A pretensão faz por se limitar a índices mínimos, quando a peça de arte se fica pela duração que intermedeia o EP e o disco de corpo inteiro – o desusado mini-álbum. Mas importa mencionar os lançamentos próximos deste Air’s Note, para que se entenda que este 2006 é – para já – editorialmente trílogo para Masakatsu: a honrosa label Carpark tratara recentemente de reeditar o duplo (CD+DVD) Journal for the People, compreensiva amostra da emotividade pura que o próprio capta em viagens pelo mundo, enquanto que ao livro e DVD que compõem Bloomy Girls suspeita-se que seja o mais luxuoso suporte que a arte do nipónico conheceu até aqui. A tiragem do último é de tal forma limitada que, em poucos anos, valerá 10 vezes o seu preço se Takagi Masakatsu mantiver a mesmo nível qualitativo para a sua produção.

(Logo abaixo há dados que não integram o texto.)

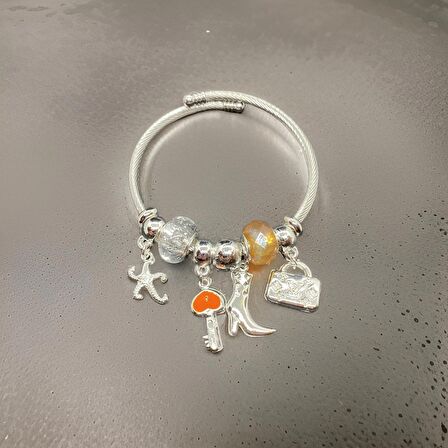 Gökkuşağı ve Lüks Charmlı Gümüş Renk 316L Antialerjik Çelik Kadın Pandora Bileklik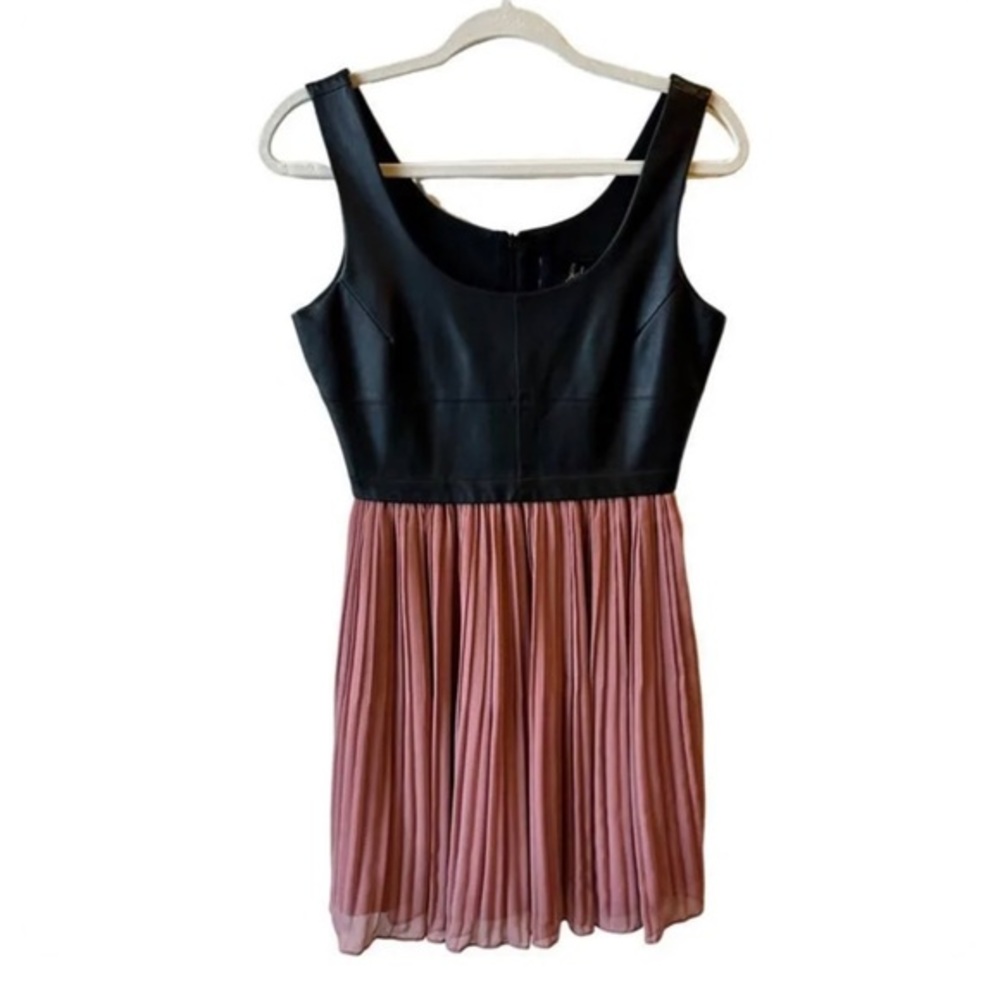 JACK Dress Faux Leather Sleeveless Tank Pleated Chiffon Skirt Size 0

A hora, contudo, pertence à magia impalpável de Air’s Note, cuja essência tantas vezes não precisa de aliar mais que três ou quatro componentes para criar milagrosos pontos de convergência em que melodiosos arranjos consumam um duradoiro flirt com a linha do horizonte. E assim se revela Air’s Note: alongado sobre um horizonte de pop bem mais assumida e abundantemente lisonejira - traço associável ao facto de conhecer edição numa subsidiária da Sony japonesa. Predominantemente balsâmico no seu revelar translúcido, o precioso mini-álbum consegue uma improvável aproximação ao que produziria Jimmy LaValle se submetesse a melancolia outonal do seu Album Leaf ao optimismo da temporada veraneante. Sente-se a temperatura agradavelmente amena a uma “Watch the World” que nasce como mais um dia diamântico – contidamente pastoral nas voz próxima de Vashti Bunyan e tão minimalmente enternecedor quanto o melhor Iron & Wine. Perdurará na memória o primeiro mergulho em algo de tão gracioso como “Watch the World”.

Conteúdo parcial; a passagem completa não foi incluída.